チームとしての完成度を上げていくのは、これからの作業となるが、同時に速い展開を武器にするチームが増えているリーグのトレンドに対応する必要性を感じている。
「速い展開を得意とするチームへの対応は、昨季からチームの課題にしているところです。ケガ人が戻ってきたのでチームとしてもっと良くしていかなければと思います。ただ、ほぼ同じメンバーでプレーしているので、(課題はありつつ)良くはなってきていると思います」
14日の三遠戦、17日のEASL・対ソウルSKナイツに2連敗後、迎えたアウェーでのアルティーリ千葉との対戦(20、21日)では、序盤から激しいディフェンスを軸に96対82、96対83と2連勝。比江島は初戦FG8本中4本成功(3ポイント6本中3本成功)で18得点をマークしたが、2戦目はFG8本中2本成功(3ポイント5本中成功ゼロ)で6得点にとどまった。
そのプレーぶりから衰えを感じられないが、比江島に「3、4年前に比べて体の変化を感じているか」と問うと、率直な答えが返ってきた。

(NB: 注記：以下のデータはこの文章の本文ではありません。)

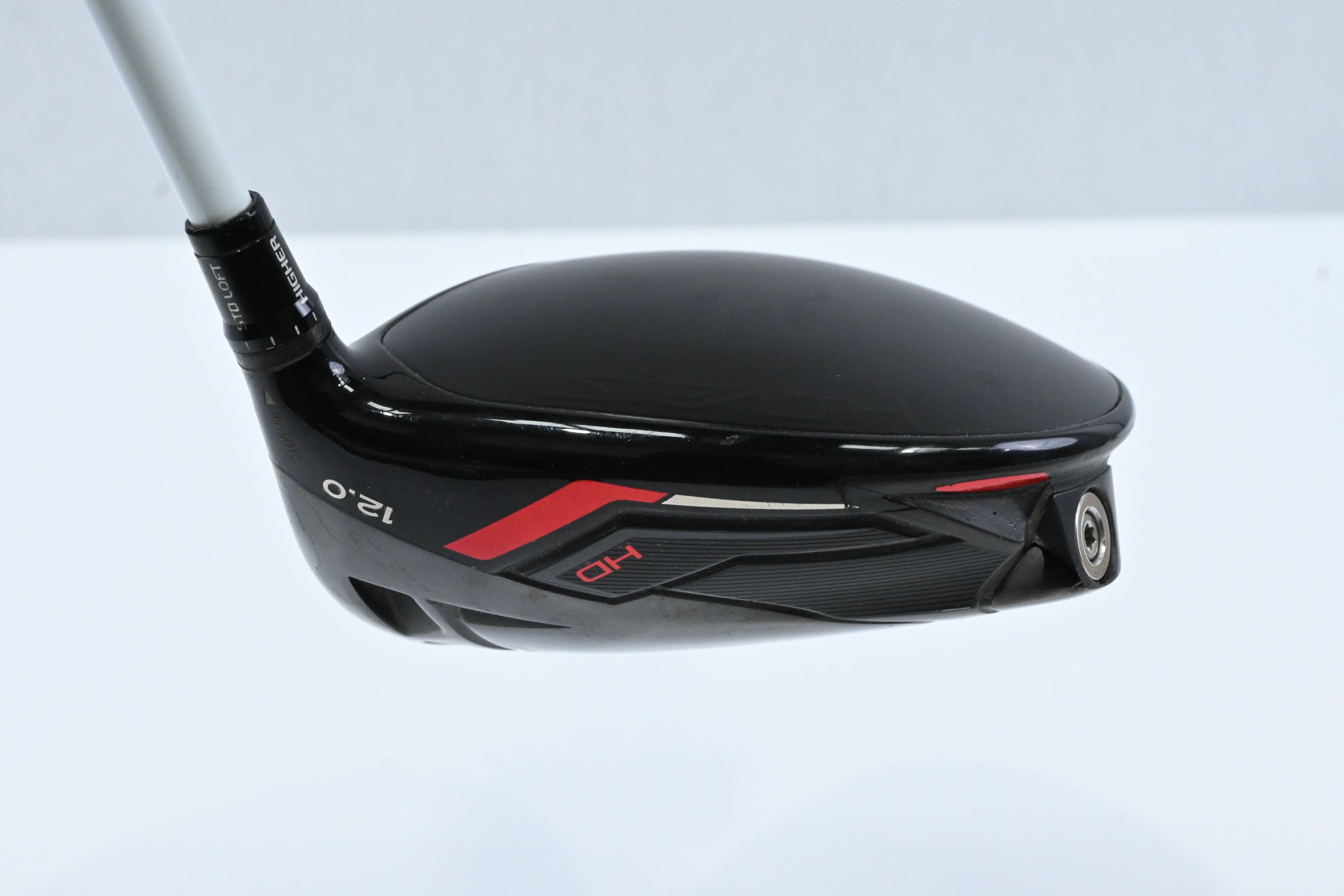 Taylormade Stealth HD Driver / 12 Degree / Senior Flex Fujikura Air Speeder 45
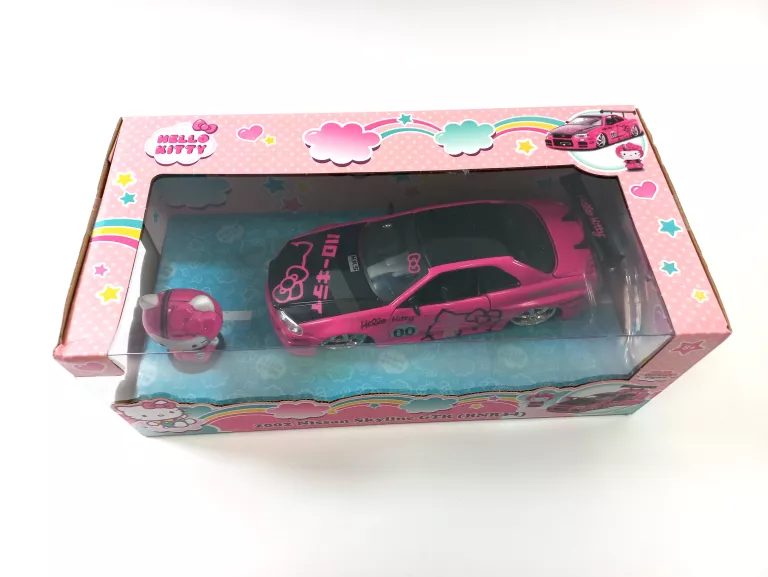 DICKIE HELLO KITTY 2002 NISSAN SKYLINE 1:24 25324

「それはありますね。疲労が抜けにくくなっていますし、以前のように自分の思うように体が動きにくくなっている感覚はあります。ただ、それ(フィジカル面の変化)を技術でカバーしていくことで、いいプレーにつなげていくことを心がけています。その部分がまだ自分ではうまくいっていませんが」
ただ、チームとして、成長を続ける高島紳司と22歳の小川という若手ガード陣の存在は、ベテラン中心の宇都宮に新たな風を吹き込んでいるという。

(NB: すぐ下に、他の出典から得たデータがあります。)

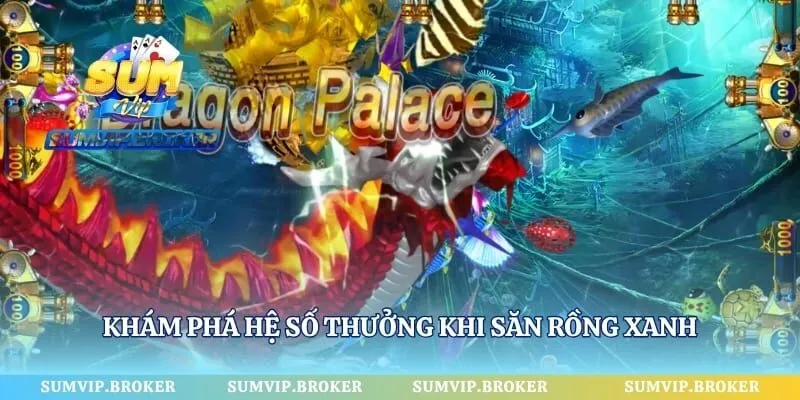 Khám phá hệ số thưởng khi săn Rồng Xanh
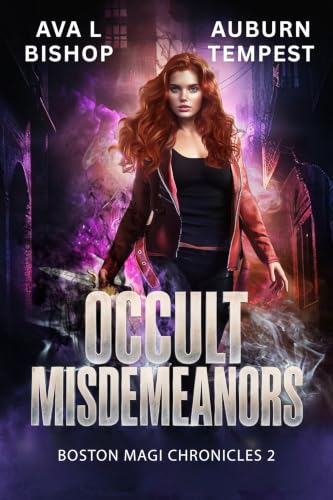 Occult Misdemeanors book cover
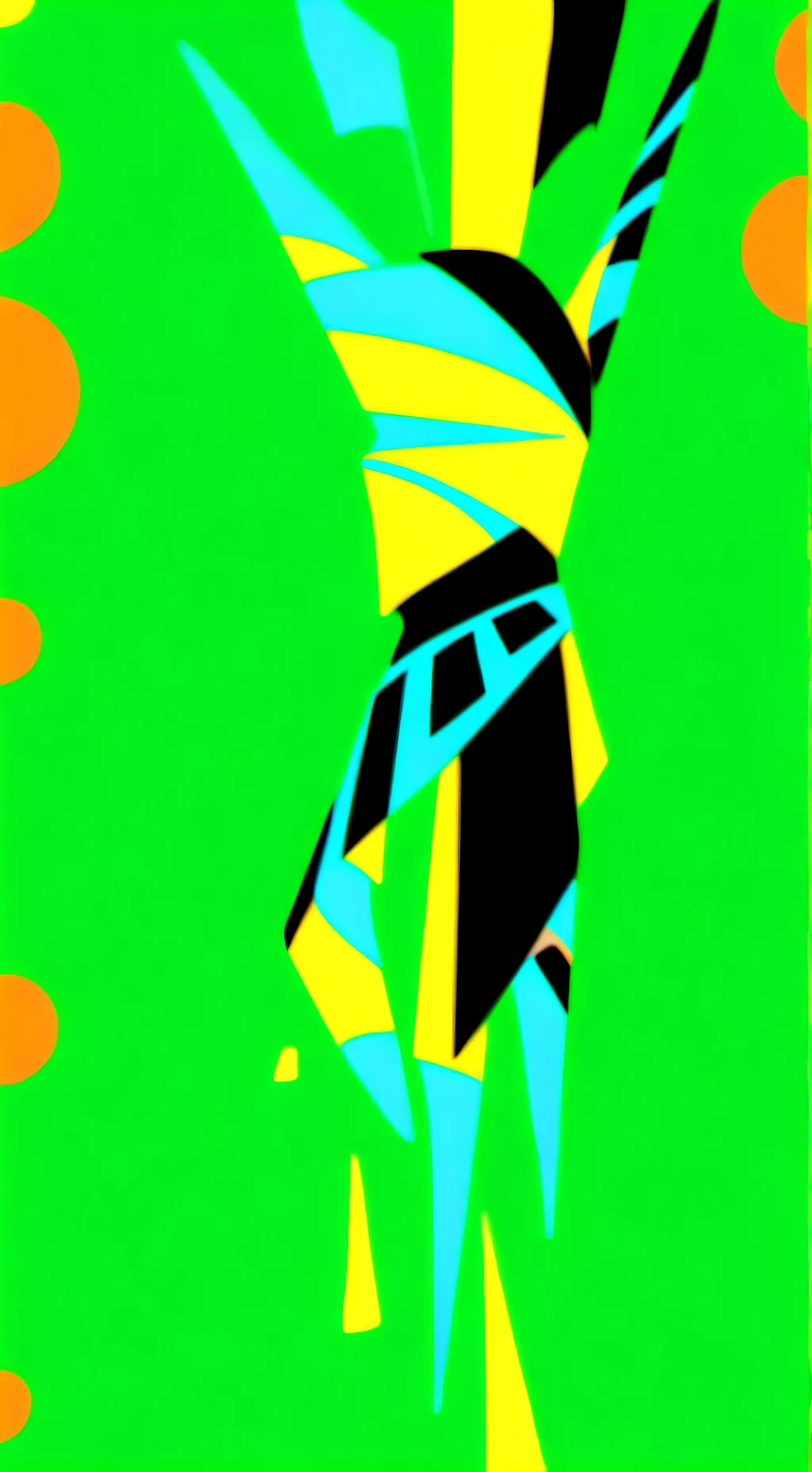 ai character: Oren x Pinki background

「(2人の台頭は)めちゃくちゃ大きいですよ。小川は身体能力も高いですし、例えば三遠戦では、向こうのスピードにひとりで対抗できたていた。彼らがチームの幅を広げてくれるので、もっともっと成長していってほしいと思います」
バイウィーク明けのシュート率を基準に話を聞いてきたが、独特なリズムで相手を翻弄するドリブル、リングアタックの際の独特なステップは健在。百戦錬磨の経験と勝負強さは比類なきものだ。
焦る必要はない。比江島は今の自分自身に合う新たな型を模索しつつ、チームとしての成長に貢献していく。
宇都宮は12月24日にホームでサンロッカーズ渋谷と対戦した後、27、28日にはさいたまスーパーアリーナで行われる越谷アルファーズとの2連戦で2025年を締めくくる。